- [Brief]
Restate the listing below word for word, pictures excluded.

- [Dataset extract]
------------------------------
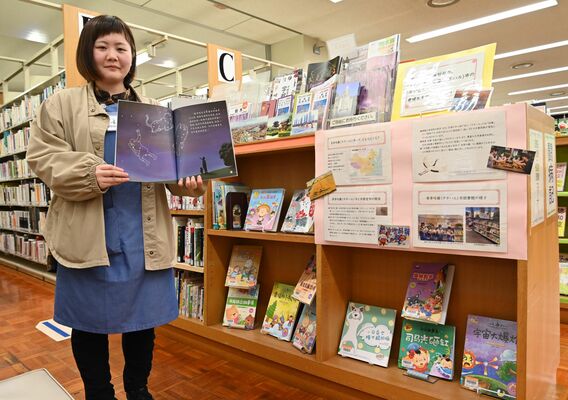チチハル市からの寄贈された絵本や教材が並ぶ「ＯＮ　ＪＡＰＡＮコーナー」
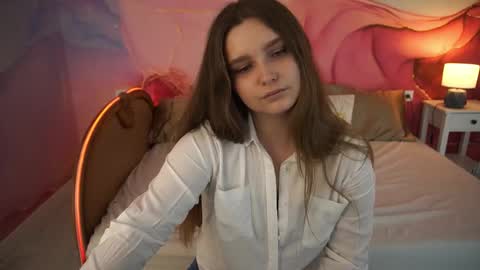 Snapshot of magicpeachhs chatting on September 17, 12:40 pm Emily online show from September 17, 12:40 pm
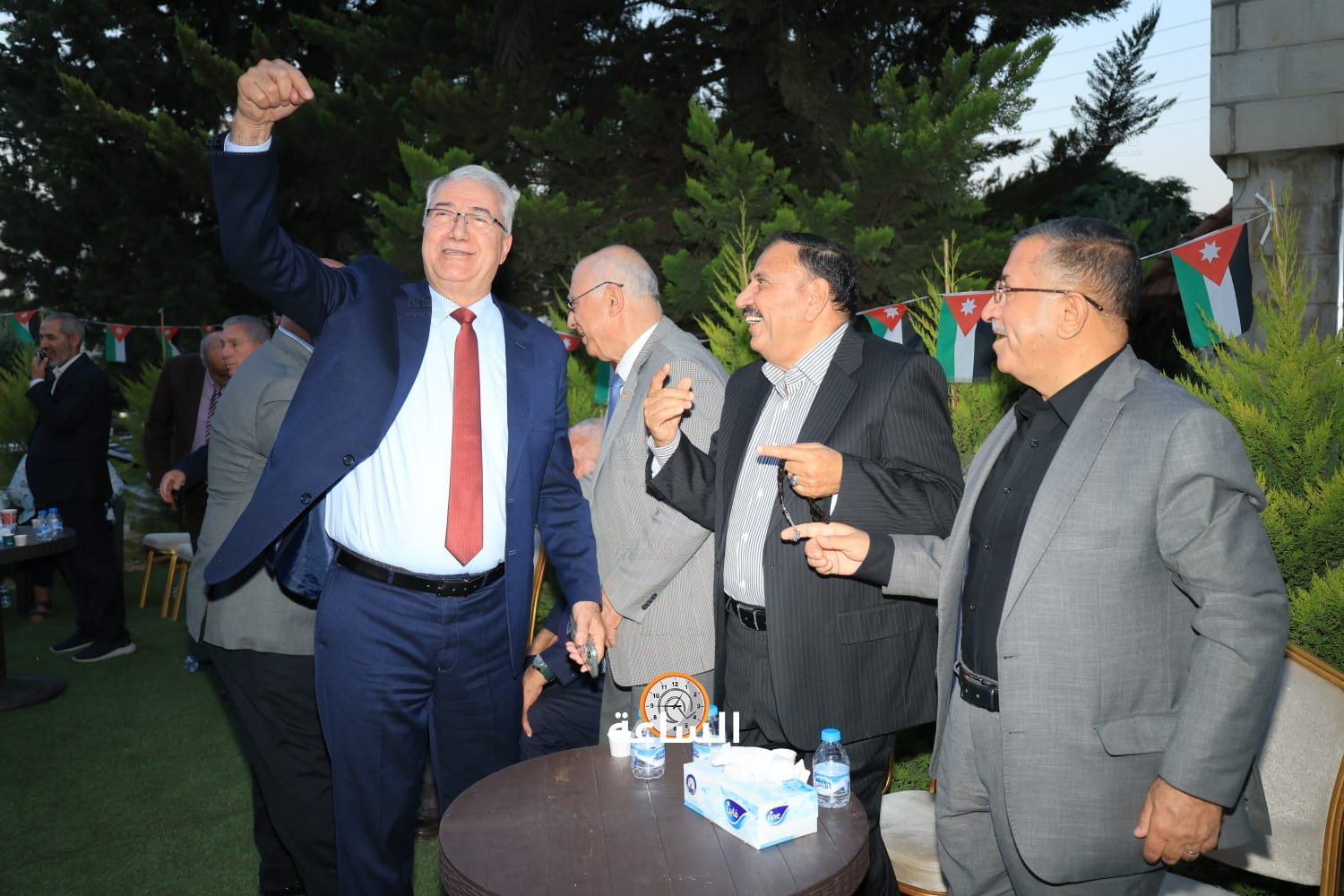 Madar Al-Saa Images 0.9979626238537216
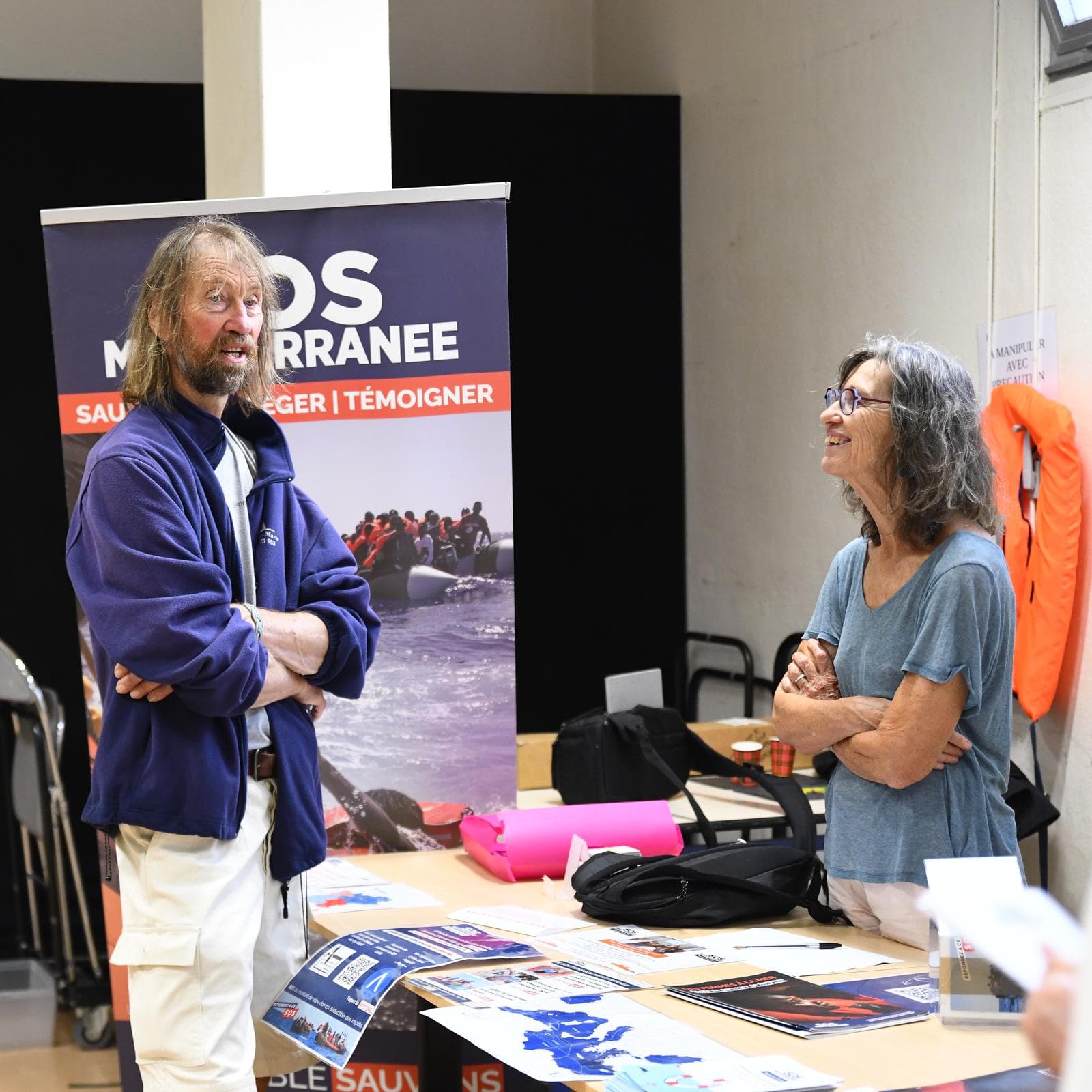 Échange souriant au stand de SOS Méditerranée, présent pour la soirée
------------------------------
- [Answer space]
チチハル市からの寄贈された絵本や教材が並ぶ「ＯＮ　ＪＡＰＡＮコーナー」
 Snapshot of magicpeachhs chatting on September 17, 12:40 pm Emily online show from September 17, 12:40 pm
 Madar Al-Saa Images 0.9979626238537216
 Échange souriant au stand de SOS Méditerranée, présent pour la soirée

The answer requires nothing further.